The board approved four other NPRRs, a pair of other binding document revisions (OBDRRs) and two changes to the Planning Guide (PGRRs):

  • NPRR837: Updates the Regional Planning Groups’ tier classification rules, among other related improvements and clarifications, to ensure the RPG and ERCOT are reviewing the most appropriate subset of transmission projects.
  • NPRR851: Establishes a clearly defined disconnection process within the market rules applicable to a transmission voltage connection to the grid that uses one electrical connection for both generation and load services.
  • NPRR867: Caps the amount of each counterparty’s available credit limit locked for congestion revenue rights auctions at the pre-auction screening credit exposure amount.
  • NPRR870: Deletes the gray-boxed requirement for ERCOT to post a forward adjustment factors summary report on the Market Information System’s certified area. The information in this report is already provided on each counterparty’s estimated aggregate liability summary report.

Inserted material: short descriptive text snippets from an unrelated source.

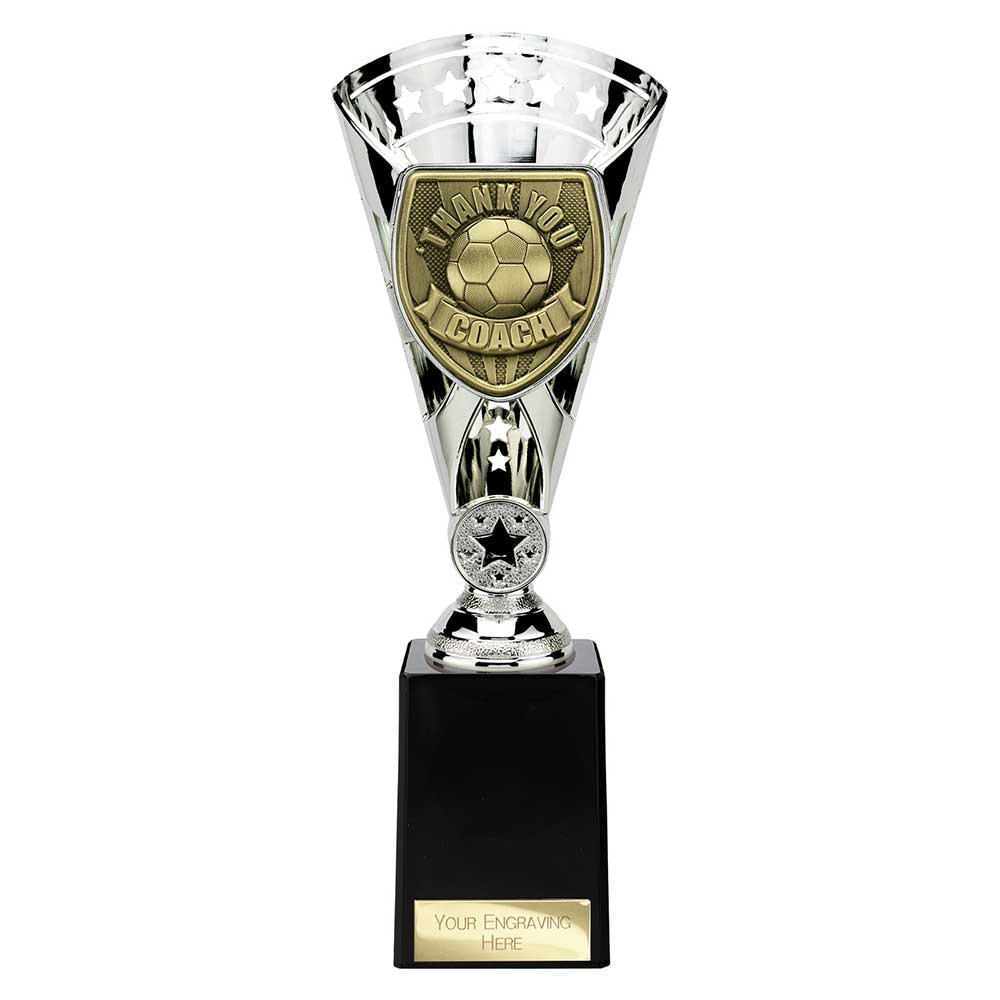 Cobra Football Trophy Cup Thank You Coach (Silver)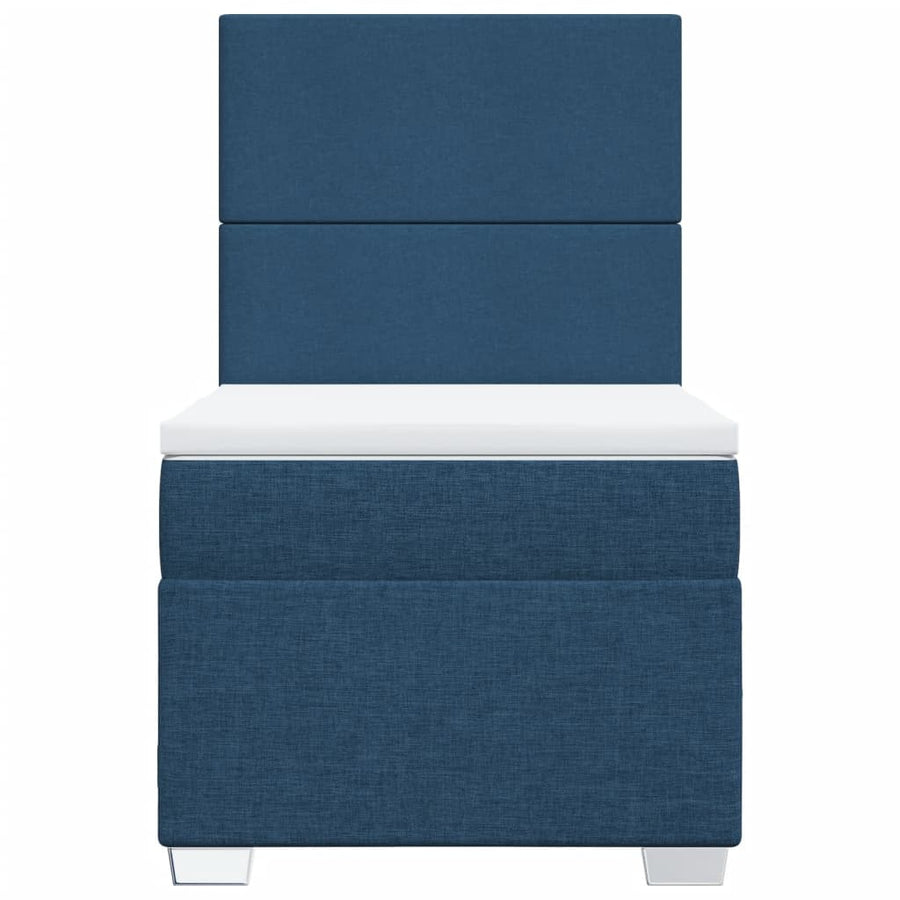 Boxspring met matras stof blauw 90x200 cm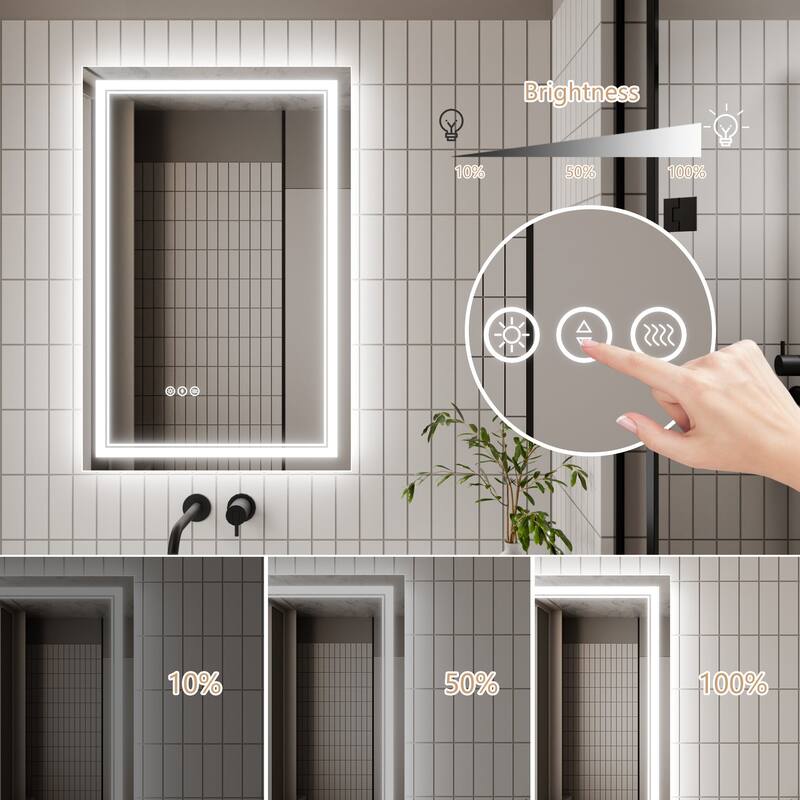 Rectangle Frameless Anti-Fog Wall Mounted LED Light Bathroom Vanity Mirror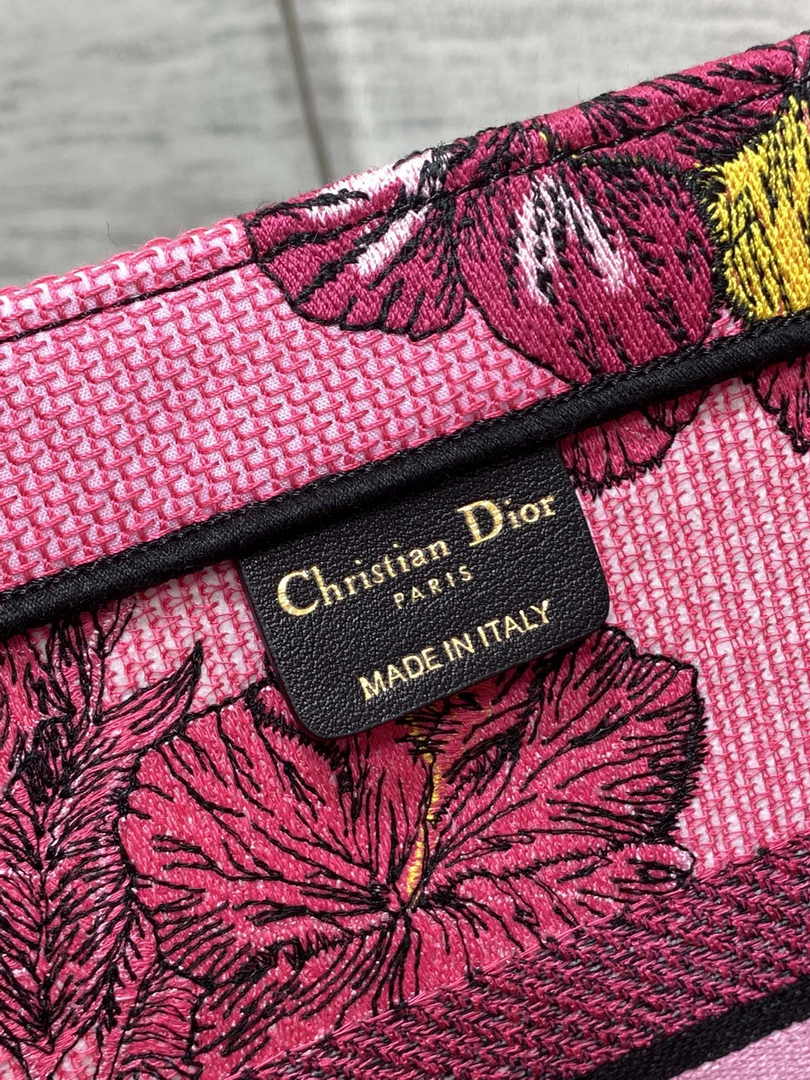 Dior Medium Book Tote M1296 Pink Tiger Embroidery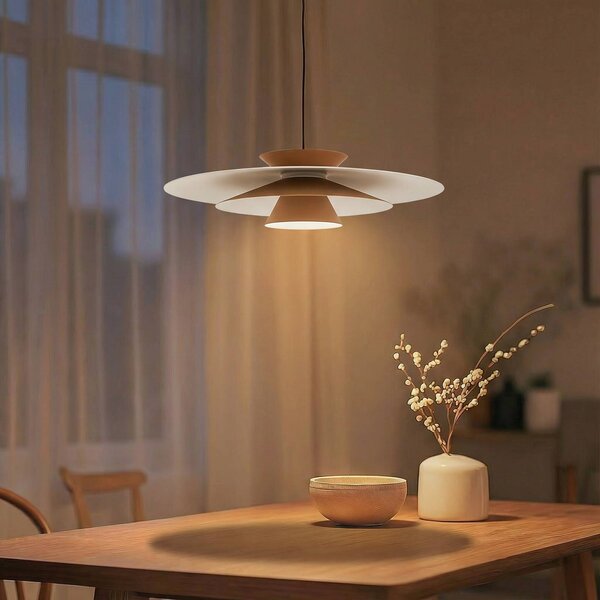 Lampada LED a sospensione Lucande, beige, alluminio, Ø 50 cm Livie dimmerabile, Crema / Ambra, Soggiorno / Sala da pranzo, Moderno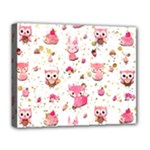 Pink Woodland Animals, Koteto Deluxe Canvas 20  x 16  (Stretched)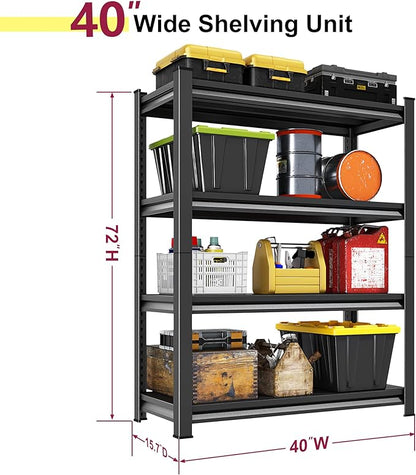 40''W Garage Shelves Heavy Duty - 2,000Lbs Steel Metal Adjustable Utility Storage Shelving Rack Units 40" W x 16" D x 66" H 4 Tier Black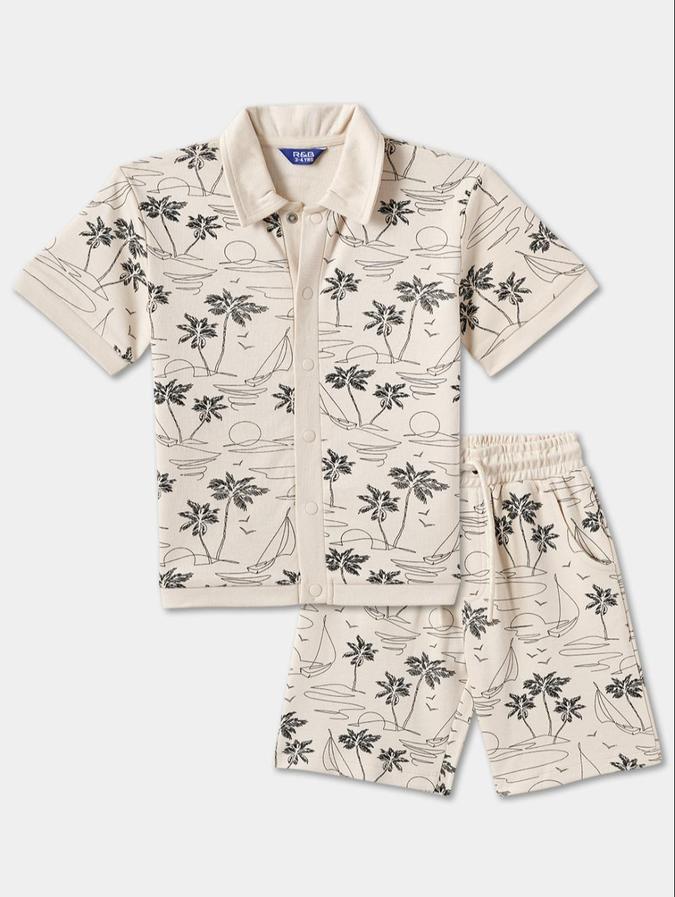 R&B Beige Printed Boys Clothing Set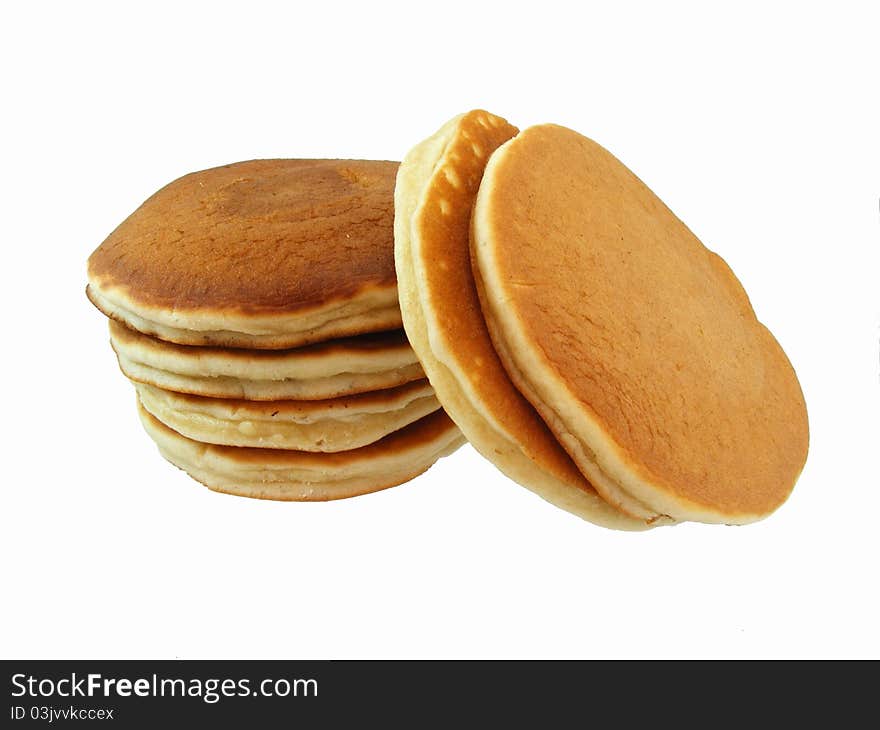 Pancakes on a whtie background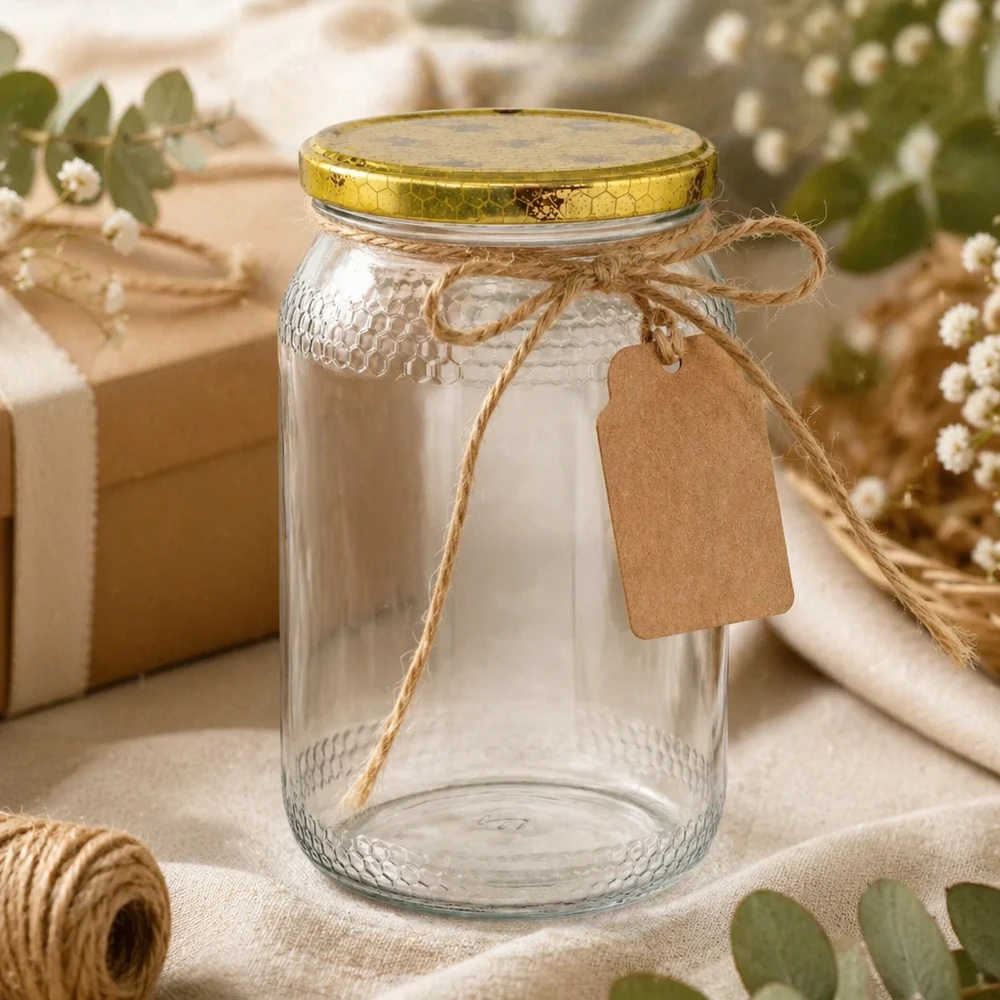 Pot de miel 900ml vide avec étiquette en papier kraft et ficelle de jute comme emballage cadeau décoration rustique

  • OBDRR004: Revises the risk-weighting factors available for assignment to each emergency response service (ERS) time period; describes the process for updating the ERS time period expenditure limits for any subsequent standard contract terms (if money is needed to fund) and the ERS renewal contract period; and updates a table to reflect the risk-weighting factors’ proposed changes.
  • OBDRR005: Revises the generic transmission constraint (GTC) shadow price cap that is used in security-constrained economic dispatch for base case constraints from $5,000/MWh to $9,251/MWh. The revision also updates the associated examples in SCED and makes an administrative edit to a protocol reference.
  • PGRR059: Includes RPG-related changes intended to improve and clarify existing processes.
  • PGRR060: Updates the reliability performance criteria by defining a DC tie’s unavailability as a new contingency and clarifies the voltage level of transformers referred to in the reliability performance criteria.